• **Brief**
An exact reproduction is needed of every line from the beginning of the data down to and including the line that contains "Also, don't forget", minus the pictures.

• **Given data**

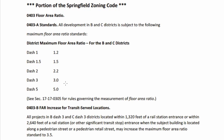Our building site is 20,000 square feet. So three times 20,000 would be 60,000 square feet — that's how much gross buildable area we'd be allowed to build above ground, not below ground. We're only planning on building something about 40,000 square feet, so we have plenty of FAR. It's not going to be a problem.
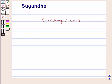Hello and welcome to the session. In this session we will discuss switching circuits.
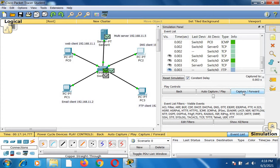In this video I have explained how a web client, email client, DNS client, and FTP client can be configured, and how they get information from the multi-server. I hope this video is useful for you all. Thank you for watching.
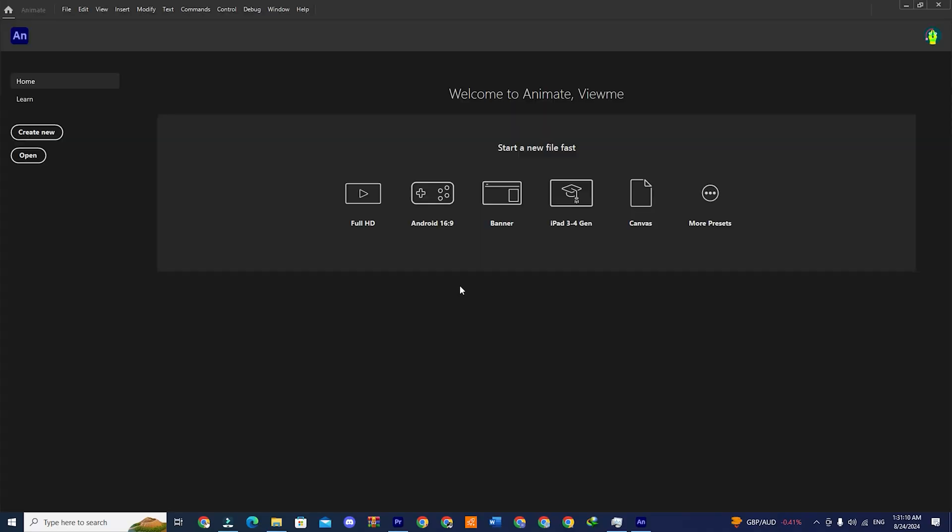Hi! In this video, I will show you how to download Adobe Animate 2024 for free for your Windows PC, laptop, or Mac.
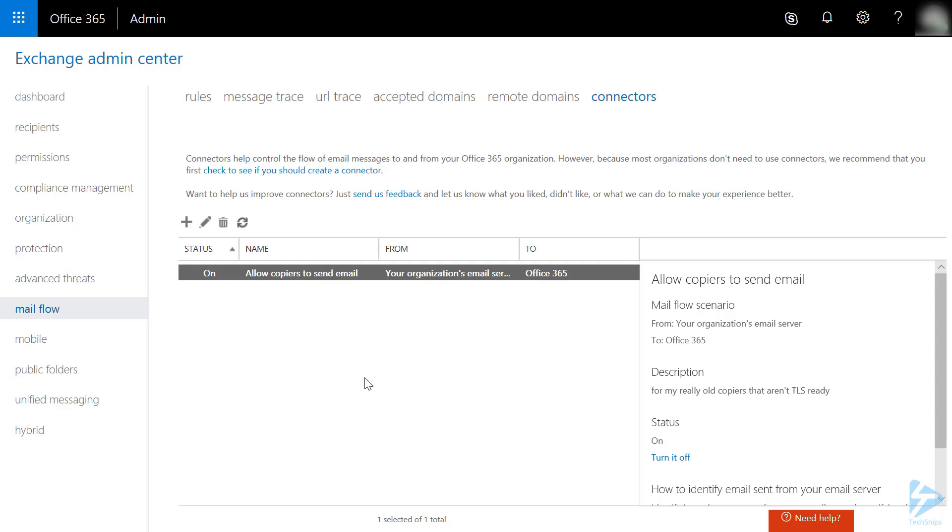Also, don't forget to make sure your firewall is set to allow your device outbound access on port 25. Thanks for watching.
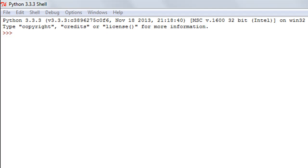Hello guys, welcome to my channel. This is the 27th tutorial in this course and in this tutorial we are going to check out a few more string functions. The first method we're going to have a look at is the isupper function.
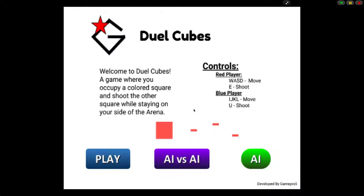Hello, welcome to the second episode of the Duel Cubes Let's Play. So let's start off with an intense game of Player vs. AI.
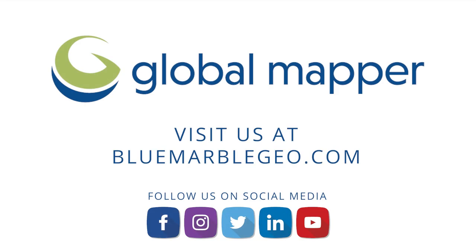To learn more about road construction planning in Global Mapper, read the blog on this topic available at bluemarblegeo.com. If you're considering Global Mapper or Global Mapper Pro, download a free trial today!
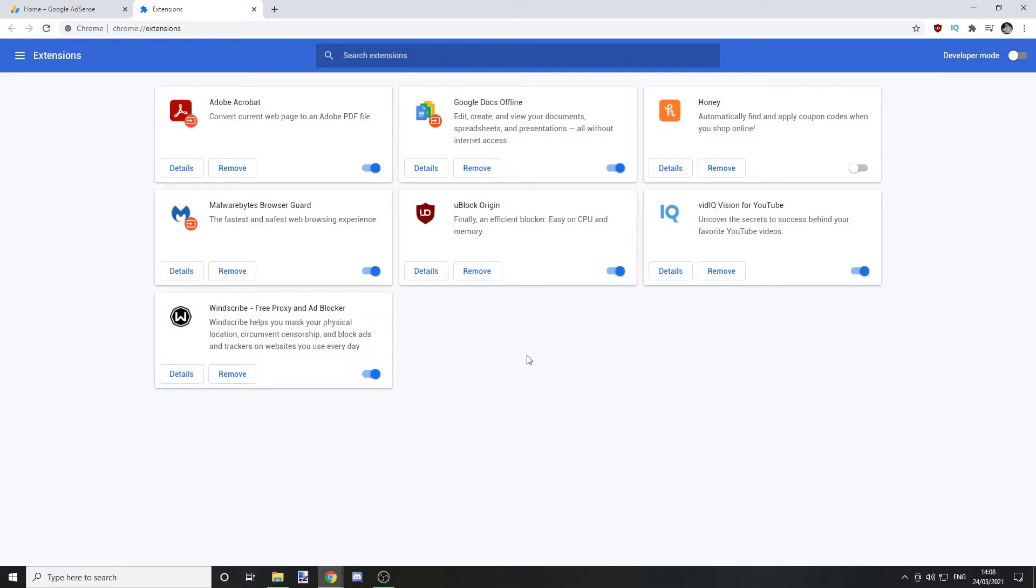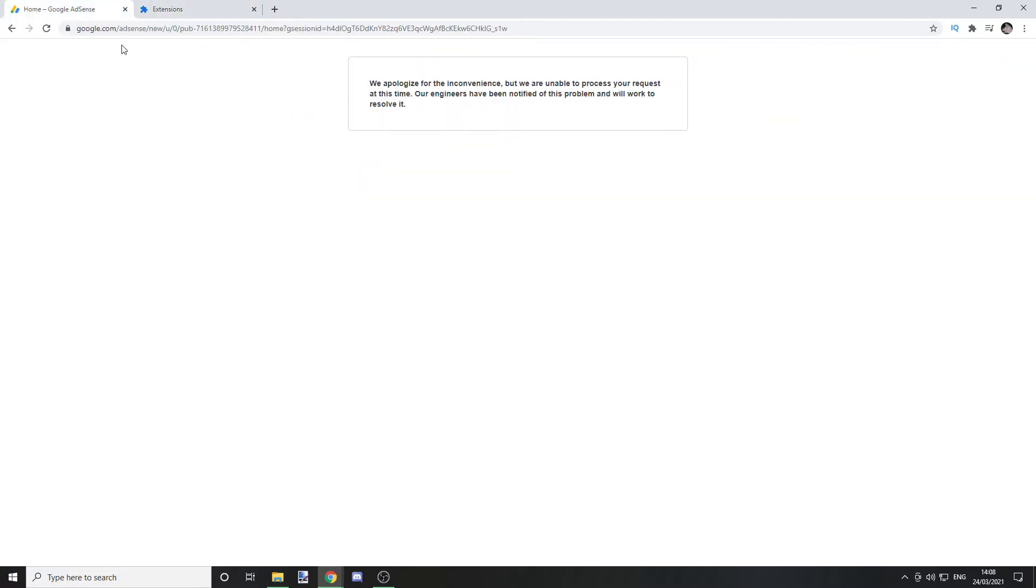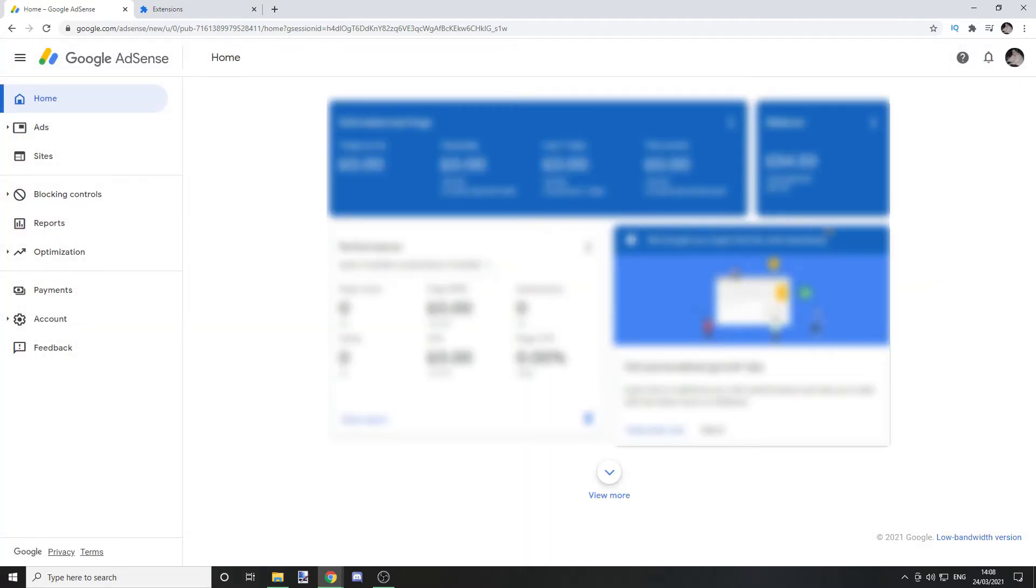What you want to do is, for instance I've got uBlock Origin, just disable it for the meantime. Then you go back, refresh the page and voila. And there you go. That's how you get rid of that pesky little thing.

• **Solution to the problem**
Our building site is 20,000 square feet. So three times 20,000 would be 60,000 square feet — that's how much gross buildable area we'd be allowed to build above ground, not below ground. We're only planning on building something about 40,000 square feet, so we have plenty of FAR. It's not going to be a problem.
Hello and welcome to the session. In this session we will discuss switching circuits.
In this video I have explained how a web client, email client, DNS client, and FTP client can be configured, and how they get information from the multi-server. I hope this video is useful for you all. Thank you for watching.
Hi! In this video, I will show you how to download Adobe Animate 2024 for free for your Windows PC, laptop, or Mac.
Also, don't forget to make sure your firewall is set to allow your device outbound access on port 25. Thanks for watching.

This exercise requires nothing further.